When a carpenter builds a house, when a tree makes sap, when a bacterium reproduces, they each must engage in the same difficult work of negotiation and translation and this work is always only tentative, fragile, and in need of repetition.
Here, hermeneutics is not qualitatively different from photosynthesis.
4. The Upshot
The upshot of this position is that if matter is itself semiotic, then when we negotiate and translate by way of signs we are not betraying reality but engaging in the very same work that makes anything that is real be real. In other words, in a material semiotics, hermeneutic compromise is not a failed representation of the real but just another mode of more or less successful engagement with it.
Because reality itself is not already a smooth, unified field but a broken and fragmentary network of heterogeneous matter, the broken and fragmentary character of signs and hermeneutics positively confirms rather than negatively denies the legitimacy (and necessity) of the interpretive endeavor.
What does all of this have to do with hermeneutics? Here is a brief summary of some critical implications that follow from a material semiotics:
1. All interpretive work is inherently creative and productive. It may involve repetition, but it must repeat with a difference. It doesn’t just represent something that is already there, but always makes something new. And, crucially, this making something new is now understood as a good thing.
2. Interpretive work is real ontological work, not just representational, epistemological work. It is as real as building a house or running telephone wire. It gathers, collects, collates, aligns, translates, negotiates differences, creates alliances, defines oppositions, sets up tensions, lays out networks, and demands perpetual upkeep just like any other material endeavor.
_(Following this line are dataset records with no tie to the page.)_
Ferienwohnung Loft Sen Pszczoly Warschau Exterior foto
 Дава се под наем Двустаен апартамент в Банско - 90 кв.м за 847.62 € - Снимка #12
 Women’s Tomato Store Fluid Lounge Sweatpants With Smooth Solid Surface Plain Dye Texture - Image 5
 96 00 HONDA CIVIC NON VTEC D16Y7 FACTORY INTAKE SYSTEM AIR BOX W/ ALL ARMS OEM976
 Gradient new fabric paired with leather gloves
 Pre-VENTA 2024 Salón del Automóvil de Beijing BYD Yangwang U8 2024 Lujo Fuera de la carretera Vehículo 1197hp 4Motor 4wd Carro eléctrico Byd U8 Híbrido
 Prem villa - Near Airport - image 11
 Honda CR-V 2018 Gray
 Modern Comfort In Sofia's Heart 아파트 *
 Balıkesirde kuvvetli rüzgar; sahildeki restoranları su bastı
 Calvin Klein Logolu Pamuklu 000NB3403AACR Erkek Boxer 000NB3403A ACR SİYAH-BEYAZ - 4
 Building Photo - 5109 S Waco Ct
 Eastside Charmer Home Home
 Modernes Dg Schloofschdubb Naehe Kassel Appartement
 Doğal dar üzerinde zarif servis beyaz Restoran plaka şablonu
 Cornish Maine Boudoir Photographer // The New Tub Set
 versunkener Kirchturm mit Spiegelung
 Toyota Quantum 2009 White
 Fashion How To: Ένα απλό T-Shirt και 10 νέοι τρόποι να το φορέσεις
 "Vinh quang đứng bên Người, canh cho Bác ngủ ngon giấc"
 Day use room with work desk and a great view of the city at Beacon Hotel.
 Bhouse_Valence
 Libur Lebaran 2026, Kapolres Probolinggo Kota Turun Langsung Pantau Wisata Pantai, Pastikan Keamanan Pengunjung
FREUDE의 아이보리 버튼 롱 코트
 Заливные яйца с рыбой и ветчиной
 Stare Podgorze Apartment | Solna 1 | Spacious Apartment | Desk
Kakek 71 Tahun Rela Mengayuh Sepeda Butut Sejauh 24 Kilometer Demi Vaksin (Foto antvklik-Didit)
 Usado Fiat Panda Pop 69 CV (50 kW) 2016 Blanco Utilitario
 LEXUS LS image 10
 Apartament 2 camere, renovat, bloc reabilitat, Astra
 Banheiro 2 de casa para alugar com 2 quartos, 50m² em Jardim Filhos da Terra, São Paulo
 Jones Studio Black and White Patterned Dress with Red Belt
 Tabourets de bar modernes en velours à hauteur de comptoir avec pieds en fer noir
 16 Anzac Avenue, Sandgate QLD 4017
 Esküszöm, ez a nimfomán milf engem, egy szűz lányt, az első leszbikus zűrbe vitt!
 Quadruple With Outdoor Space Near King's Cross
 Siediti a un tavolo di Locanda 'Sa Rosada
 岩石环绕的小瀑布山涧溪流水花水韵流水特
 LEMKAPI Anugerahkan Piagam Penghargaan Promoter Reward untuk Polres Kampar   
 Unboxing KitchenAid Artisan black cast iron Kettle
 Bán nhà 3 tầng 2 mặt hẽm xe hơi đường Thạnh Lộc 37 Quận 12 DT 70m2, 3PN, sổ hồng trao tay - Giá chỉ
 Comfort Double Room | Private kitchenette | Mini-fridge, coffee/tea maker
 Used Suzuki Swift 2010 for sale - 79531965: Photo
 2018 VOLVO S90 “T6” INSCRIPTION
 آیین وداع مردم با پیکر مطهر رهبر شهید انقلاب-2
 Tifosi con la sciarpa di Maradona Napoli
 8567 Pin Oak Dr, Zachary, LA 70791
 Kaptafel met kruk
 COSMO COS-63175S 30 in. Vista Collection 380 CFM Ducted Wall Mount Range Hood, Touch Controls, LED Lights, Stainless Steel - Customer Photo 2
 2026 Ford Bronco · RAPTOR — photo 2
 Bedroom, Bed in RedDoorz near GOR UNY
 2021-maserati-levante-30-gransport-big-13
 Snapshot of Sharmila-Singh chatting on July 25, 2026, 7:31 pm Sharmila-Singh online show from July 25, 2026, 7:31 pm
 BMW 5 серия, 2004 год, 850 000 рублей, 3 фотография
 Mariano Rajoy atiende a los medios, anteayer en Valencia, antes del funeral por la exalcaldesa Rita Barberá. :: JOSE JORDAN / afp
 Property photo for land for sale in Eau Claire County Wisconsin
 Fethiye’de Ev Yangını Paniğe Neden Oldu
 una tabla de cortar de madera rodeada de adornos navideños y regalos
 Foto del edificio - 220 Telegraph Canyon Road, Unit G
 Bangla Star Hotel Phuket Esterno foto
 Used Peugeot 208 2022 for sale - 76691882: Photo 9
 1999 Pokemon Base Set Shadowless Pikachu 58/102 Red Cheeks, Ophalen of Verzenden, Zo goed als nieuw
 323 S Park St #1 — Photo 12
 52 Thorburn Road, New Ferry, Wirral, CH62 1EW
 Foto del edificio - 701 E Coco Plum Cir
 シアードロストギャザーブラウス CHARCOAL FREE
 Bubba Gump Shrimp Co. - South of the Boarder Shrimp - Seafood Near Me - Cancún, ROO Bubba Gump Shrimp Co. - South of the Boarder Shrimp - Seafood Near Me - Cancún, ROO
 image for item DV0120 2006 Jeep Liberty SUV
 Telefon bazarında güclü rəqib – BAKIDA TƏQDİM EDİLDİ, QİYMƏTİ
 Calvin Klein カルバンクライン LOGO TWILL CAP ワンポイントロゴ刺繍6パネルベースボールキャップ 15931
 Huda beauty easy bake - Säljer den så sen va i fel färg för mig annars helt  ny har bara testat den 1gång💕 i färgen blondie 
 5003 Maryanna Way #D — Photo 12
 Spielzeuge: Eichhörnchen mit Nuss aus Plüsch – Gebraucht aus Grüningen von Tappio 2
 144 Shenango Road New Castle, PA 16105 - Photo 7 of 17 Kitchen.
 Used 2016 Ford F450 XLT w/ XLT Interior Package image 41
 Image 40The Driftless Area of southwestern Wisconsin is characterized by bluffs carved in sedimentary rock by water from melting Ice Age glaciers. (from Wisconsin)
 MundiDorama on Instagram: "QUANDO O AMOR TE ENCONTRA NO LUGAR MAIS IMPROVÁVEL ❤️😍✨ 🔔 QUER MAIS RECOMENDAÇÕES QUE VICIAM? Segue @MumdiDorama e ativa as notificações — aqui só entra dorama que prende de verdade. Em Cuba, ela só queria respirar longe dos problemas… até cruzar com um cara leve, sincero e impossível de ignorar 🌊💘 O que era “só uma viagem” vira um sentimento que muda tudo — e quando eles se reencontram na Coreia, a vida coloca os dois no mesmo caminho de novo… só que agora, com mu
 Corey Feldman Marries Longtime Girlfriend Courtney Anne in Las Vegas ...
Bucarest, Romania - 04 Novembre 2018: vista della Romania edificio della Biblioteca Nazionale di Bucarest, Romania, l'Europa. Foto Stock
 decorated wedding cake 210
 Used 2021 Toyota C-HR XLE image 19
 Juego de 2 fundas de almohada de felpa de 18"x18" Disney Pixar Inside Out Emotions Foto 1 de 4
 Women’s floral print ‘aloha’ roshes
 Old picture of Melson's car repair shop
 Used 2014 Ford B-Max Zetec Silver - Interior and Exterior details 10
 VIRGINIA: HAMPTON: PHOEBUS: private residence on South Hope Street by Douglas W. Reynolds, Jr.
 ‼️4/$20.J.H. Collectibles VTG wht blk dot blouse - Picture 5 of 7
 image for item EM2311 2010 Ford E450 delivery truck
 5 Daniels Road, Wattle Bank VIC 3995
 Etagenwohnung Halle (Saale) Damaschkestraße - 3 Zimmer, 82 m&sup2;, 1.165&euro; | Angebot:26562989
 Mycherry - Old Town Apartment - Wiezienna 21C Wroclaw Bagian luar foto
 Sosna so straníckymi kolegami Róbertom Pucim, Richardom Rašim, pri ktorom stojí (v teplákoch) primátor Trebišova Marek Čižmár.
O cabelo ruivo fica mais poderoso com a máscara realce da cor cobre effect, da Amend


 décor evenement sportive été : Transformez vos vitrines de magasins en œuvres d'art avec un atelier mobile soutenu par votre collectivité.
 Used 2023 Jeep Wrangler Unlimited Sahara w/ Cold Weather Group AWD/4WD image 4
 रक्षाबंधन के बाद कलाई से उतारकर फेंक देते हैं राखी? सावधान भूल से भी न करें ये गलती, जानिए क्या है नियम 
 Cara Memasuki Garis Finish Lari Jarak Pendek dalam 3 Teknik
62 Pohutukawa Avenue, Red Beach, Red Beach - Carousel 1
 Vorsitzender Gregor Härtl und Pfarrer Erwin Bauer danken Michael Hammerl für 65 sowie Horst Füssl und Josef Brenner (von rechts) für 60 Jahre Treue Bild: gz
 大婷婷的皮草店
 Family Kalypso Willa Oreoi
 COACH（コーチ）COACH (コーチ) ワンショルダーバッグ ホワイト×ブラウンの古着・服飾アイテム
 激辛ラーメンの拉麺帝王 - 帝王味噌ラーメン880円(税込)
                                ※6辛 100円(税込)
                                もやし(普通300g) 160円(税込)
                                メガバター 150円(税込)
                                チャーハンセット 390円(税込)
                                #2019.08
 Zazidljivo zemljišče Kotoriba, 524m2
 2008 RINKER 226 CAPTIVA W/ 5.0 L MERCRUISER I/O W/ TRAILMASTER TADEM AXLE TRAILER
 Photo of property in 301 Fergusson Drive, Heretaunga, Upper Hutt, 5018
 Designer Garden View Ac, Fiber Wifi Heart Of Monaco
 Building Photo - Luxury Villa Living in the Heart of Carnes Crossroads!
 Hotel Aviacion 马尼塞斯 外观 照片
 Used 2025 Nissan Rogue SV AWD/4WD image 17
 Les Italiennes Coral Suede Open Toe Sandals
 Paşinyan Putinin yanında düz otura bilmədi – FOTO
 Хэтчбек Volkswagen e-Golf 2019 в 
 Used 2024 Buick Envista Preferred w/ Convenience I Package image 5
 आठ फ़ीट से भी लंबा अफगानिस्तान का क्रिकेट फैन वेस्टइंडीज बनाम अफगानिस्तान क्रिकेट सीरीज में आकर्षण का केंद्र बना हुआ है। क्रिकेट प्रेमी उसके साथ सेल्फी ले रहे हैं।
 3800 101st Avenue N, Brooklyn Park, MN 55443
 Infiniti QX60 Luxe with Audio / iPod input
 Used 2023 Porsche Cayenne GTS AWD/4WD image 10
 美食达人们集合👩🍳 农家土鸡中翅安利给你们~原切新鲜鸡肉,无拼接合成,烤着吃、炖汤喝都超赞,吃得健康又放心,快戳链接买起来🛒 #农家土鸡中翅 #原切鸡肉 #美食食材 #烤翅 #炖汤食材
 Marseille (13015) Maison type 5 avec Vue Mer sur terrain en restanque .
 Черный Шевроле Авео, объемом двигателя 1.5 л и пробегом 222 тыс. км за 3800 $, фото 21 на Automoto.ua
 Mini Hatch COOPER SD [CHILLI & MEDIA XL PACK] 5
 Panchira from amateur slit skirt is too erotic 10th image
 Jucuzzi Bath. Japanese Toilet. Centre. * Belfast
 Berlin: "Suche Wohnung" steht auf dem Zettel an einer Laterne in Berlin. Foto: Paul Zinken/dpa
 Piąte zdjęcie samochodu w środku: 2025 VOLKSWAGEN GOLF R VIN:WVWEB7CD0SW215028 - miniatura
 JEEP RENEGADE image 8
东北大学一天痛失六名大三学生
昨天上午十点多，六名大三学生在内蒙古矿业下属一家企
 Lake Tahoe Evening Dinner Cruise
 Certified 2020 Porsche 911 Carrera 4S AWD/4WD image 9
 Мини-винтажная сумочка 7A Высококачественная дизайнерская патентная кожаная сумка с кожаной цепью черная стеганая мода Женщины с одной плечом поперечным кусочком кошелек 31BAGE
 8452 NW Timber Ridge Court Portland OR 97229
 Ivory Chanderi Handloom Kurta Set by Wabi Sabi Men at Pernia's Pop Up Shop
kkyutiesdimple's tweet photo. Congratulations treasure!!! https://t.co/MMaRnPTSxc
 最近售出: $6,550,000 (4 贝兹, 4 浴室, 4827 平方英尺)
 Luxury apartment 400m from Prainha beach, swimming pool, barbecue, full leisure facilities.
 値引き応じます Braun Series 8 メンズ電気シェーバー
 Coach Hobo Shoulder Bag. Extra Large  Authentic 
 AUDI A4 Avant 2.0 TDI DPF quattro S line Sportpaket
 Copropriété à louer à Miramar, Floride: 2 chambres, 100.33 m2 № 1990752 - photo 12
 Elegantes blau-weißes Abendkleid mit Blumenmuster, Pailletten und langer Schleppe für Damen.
3. The measure of an interpretation’s success is not its representational “correspondence” with an already smoothly connected reality, but its ability to produce stable and durable (though not perfect or effortlessly permanent) connections between hetergeneous and “naturally” fragmentary groups of stuff. The larger the scale of the connections and the more durable and self-sustaining the connections, the more successful, real, and truthful the interpretation is.
A key caveat, here, to this third point: the success of an interpretation is not just dependent on the number of humans that it is able to effectively convince but (at least as importantly) on the number of nonhumans that it is able to effectively gather, connect with, and persuade. If all human beings (perhaps even together with some gods and angels!) agree that dogs can fly but neither the dogs nor gravity are convinced by your proposed interpretation, then it’s not a very good reading. Because material relations are themselves semiological, all the material stuff out there in the world has to be persuaded by your reading as well.
You may offer a brilliant, popularly-supported reading of Genesis 1 as requiring that the earth be 6000 years old, but if 4.5 billion years worth of rocks and weather disagree – well, sorry, but you’re out of luck.
What I like about this approach is that (1) it removes from the hermeneutic endeavor itself the stain of any “original sin” of representational betrayal, (2) it takes hermeneutic work seriously as real ontological work, (3) it takes seriously and positively the need for ongoing interpretive network building, (4) it doesn’t arbitrarily insulate our interpretive work from the real world but, instead, construes it as just another variation of the only kind of work that is real, and (5) it allows us to view this ongoing, interpretive work of building larger and larger networks of material (human and nonhuman) things as part and parcel of that divine work of that God is himself perpetually engaged in.